▶ **Problem to work on**
For this exercise, reproduce only the lines from the one holding "FORD 14000 COM TANQUE PIPA" through the final line of the data below, exactly, and omit pictures.

▶ **Material provided**
-----
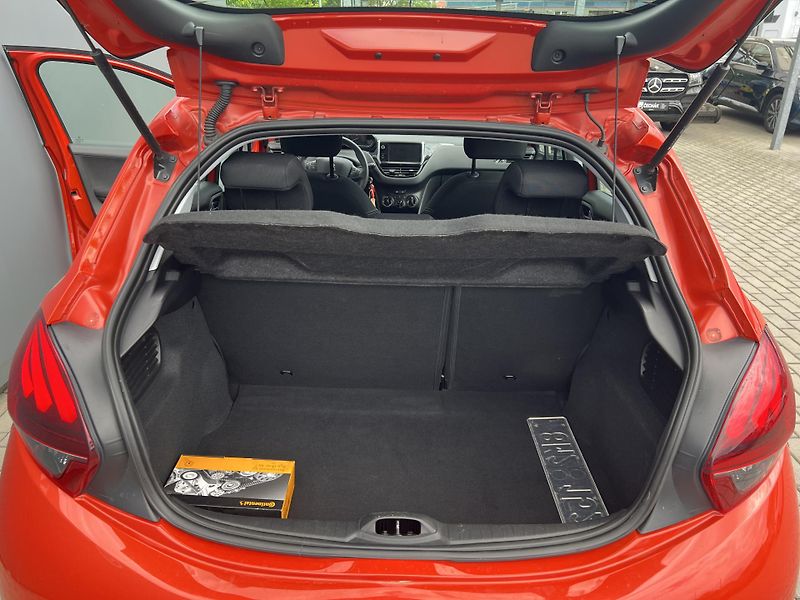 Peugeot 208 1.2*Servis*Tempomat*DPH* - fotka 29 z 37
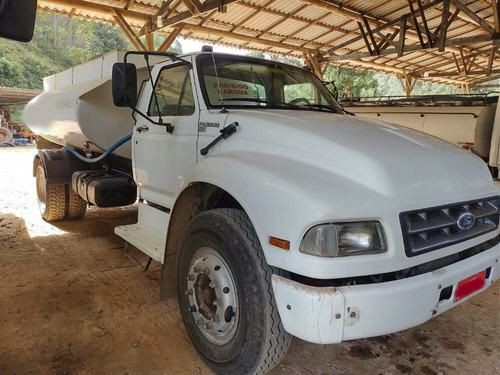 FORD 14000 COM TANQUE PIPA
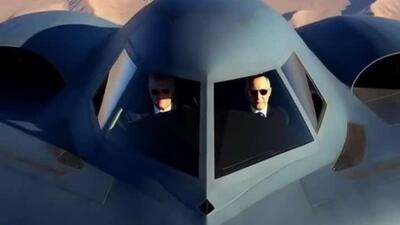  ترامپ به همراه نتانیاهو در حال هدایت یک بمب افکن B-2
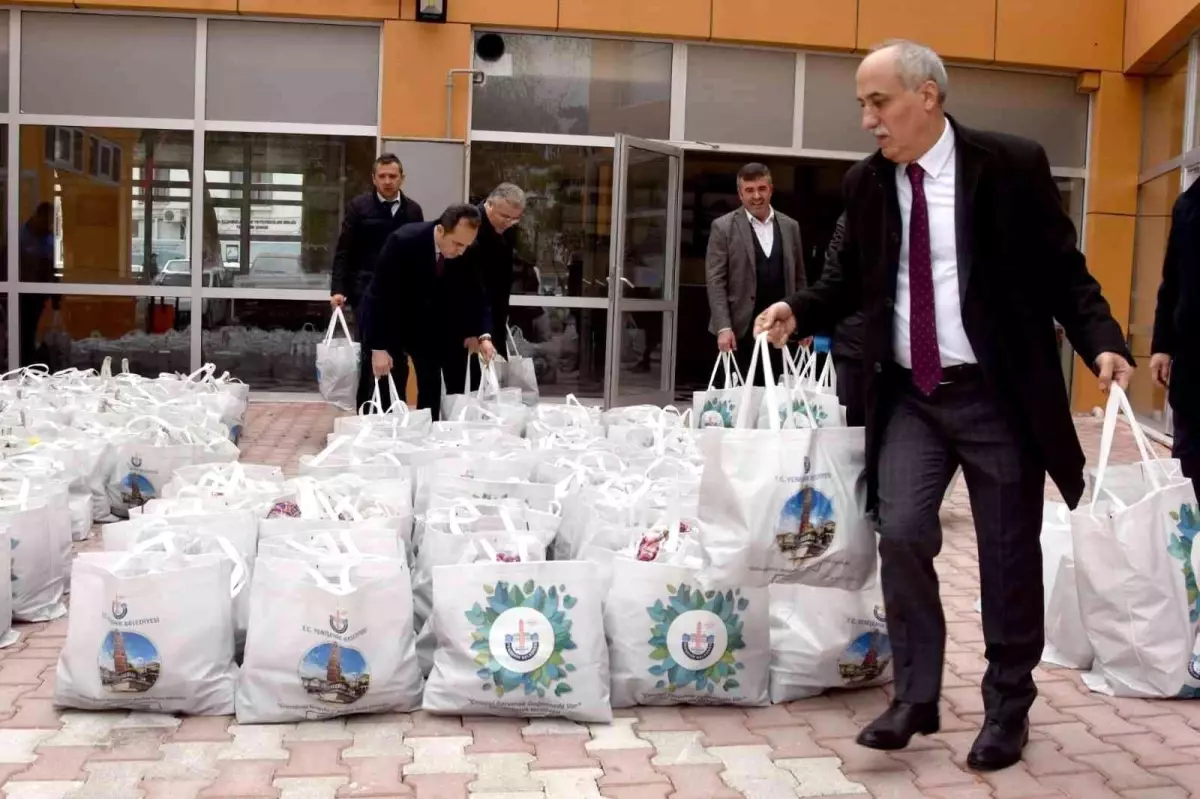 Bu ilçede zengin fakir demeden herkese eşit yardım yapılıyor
-----
▶ **Solved problem**
 FORD 14000 COM TANQUE PIPA
  ترامپ به همراه نتانیاهو در حال هدایت یک بمب افکن B-2
 Bu ilçede zengin fakir demeden herkese eşit yardım yapılıyor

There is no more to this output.